Low-overhead access to the memory space of a traced process is a major challenge when using a user-space tracer. I have devoted a few posts to mechanisms that allow us access a traced process's memory with low overhead. My last post on low-overhead memory access suggests using FIFOs. However, FIFOs have a limitation: size of FIFOs is often small and not configurable without recompiling the Linux kernel. For example, it is 4KB in Ubuntu 8.10. This means that multiple iterations of FIFOs are needed to transfer buffers whose sizes are larger than 4KB. Each iteration needs multiple context switches which increase the overhead.

Recently, I replaced the FIFOs by shared memory and obtained very good results.

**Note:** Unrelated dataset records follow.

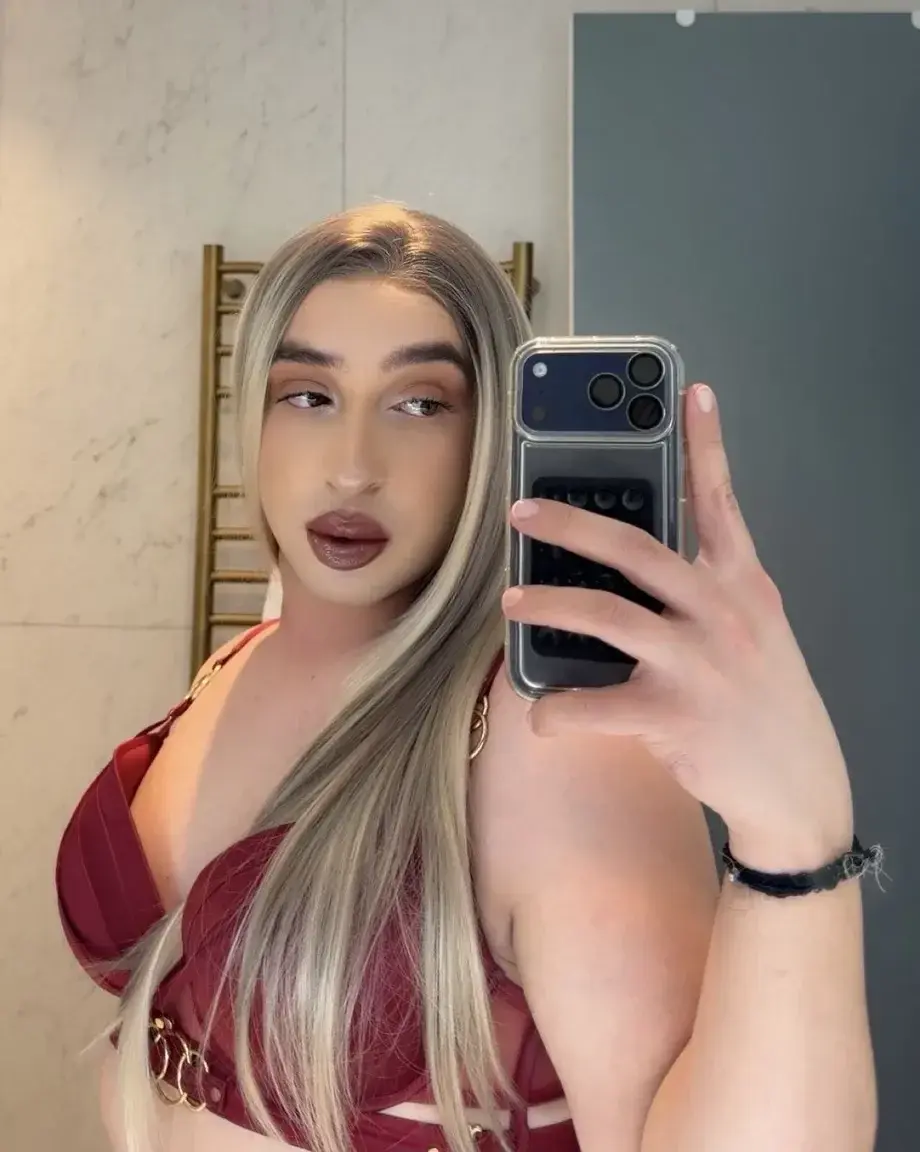 Leak & nude 15 — Ninatravestie25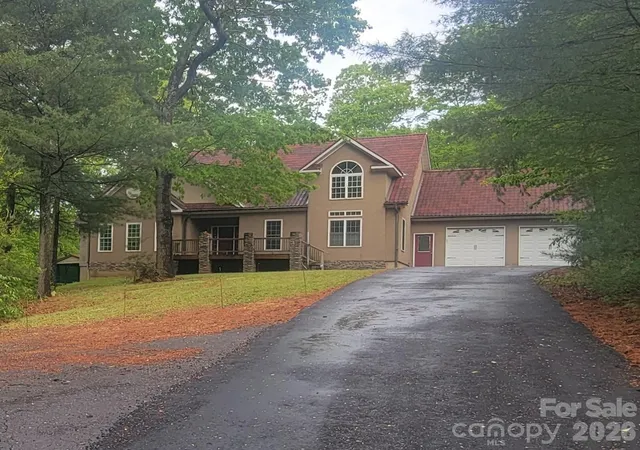 Photo 1 of Single family home for sale at 31 Reeds Crk Rd, Fairview, NC 28730 | MLS# 4328175 | Listing updated on 2026-09-11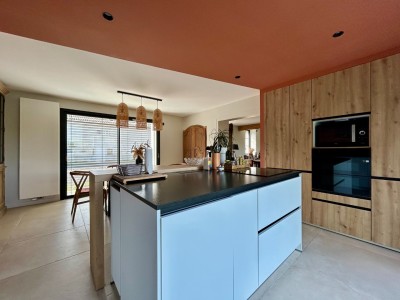 MAISON A VENDRE - VEAUCHETTE - 234.96 m2 - 529 000 &euro;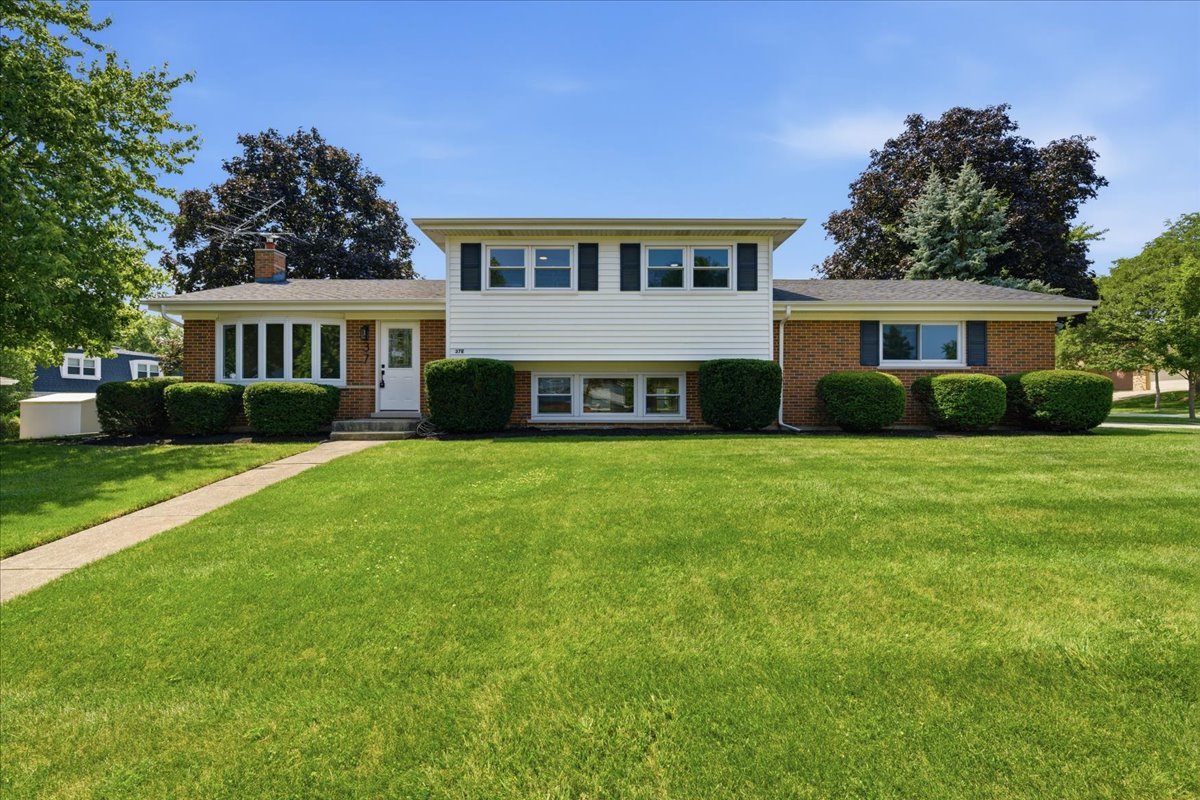 37 E Weathersfield Way, Schaumburg IL 60193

Shared memory size is by default several mega bytes (use "cat /proc/sys/kernel/shmmax" in Linux to see its default size). The default size is more than enough to read system call arguments from traced processes and to write back system call results to the processes.

Similar to FIFOs, the downside of using shared memory is the security risk, since any process can connect to them and try to access their contents. However, each shared memory block has a key and processes are allowed to attach a block only if they have the correct key. When we create shared memory blocks, their permissions are set so that only the user who has executed the monitor can read from or write to them. Therefore, the risk is limited to the case of a malicious program that is executed in the context of the same user or a super user. Both cases would be possible only when the system is already compromised.

Evaluating performance of shared memory versus FIFOs versus ptrace, I observed that shared memory is about 20 times faster than FIFOs and 900 faster than ptrace when transferring a 128KB buffer.